What’s the coolest aspect of what the Higher Ed folks consider a cool building?

Higher Ed’s Communications Manager Hope Harris-Gayles says her tours “lose the most time” looking at the advanced manufacturing equipment. People can’t believe machines of that caliber are in South Boston, she says.

Of the whole package “everyone’s just awestruck,” she says.

Tommy Nelson points to the fact that the building is already paid for, and without state money.

Coordinator of the Business of Art & Design program Ben Capozzi raves about state-of-the-art equipment: “This facility is outfitted so as to make four-year institutions jealous,” he crows.

Capozzi also likes what he calls the “concentration” of putting seemingly unrelated programs under one roof.
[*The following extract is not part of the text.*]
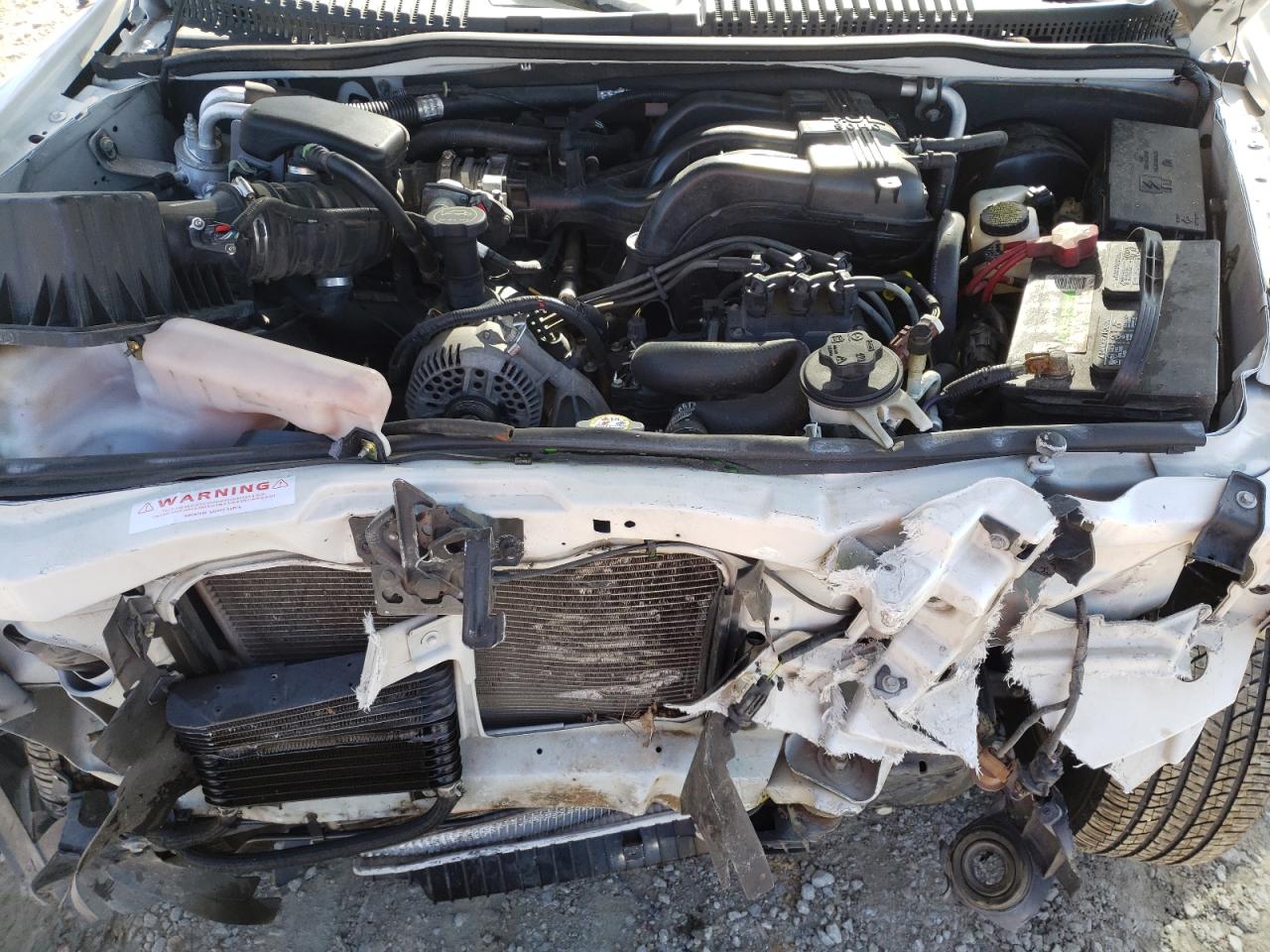 Photo 7 from auction – 2008 FORD EXPLORER 4 with VIN 1FMEU53E68UA87949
“The studio environment promotes open dialogue, conspicuous competition, camaraderie and the chance meetings that can drive innovation,” he says. “I’m reminded of how Steve Jobs designed the studios at Pixar with the restroom facilities placed at the heart of the space, so that everyone from the CEO to the custodian was likely to meet at the same place throughout the day. That facilitates the chance encounters and exchanges that can drive innovative thinking. We’re facilitating [that] here.”

Also eye-catching is the 80-seat tiered classroom, decked out with the capability to host live or streaming conferences.

Among the other gee-whiz aspects of the rehabilitation – in addition to the design by Pape, Cole and Associates of Norfolk – may not be obvious to the casual observer, and that’s its LEED designation.

LEED – the acronym for Leadership in Energy and Environmental Design – is a rating system for designing, constructing and operating “green” buildings.

Workers went to great lengths to recycle packing cardboard, plastics and even ripped-out concrete.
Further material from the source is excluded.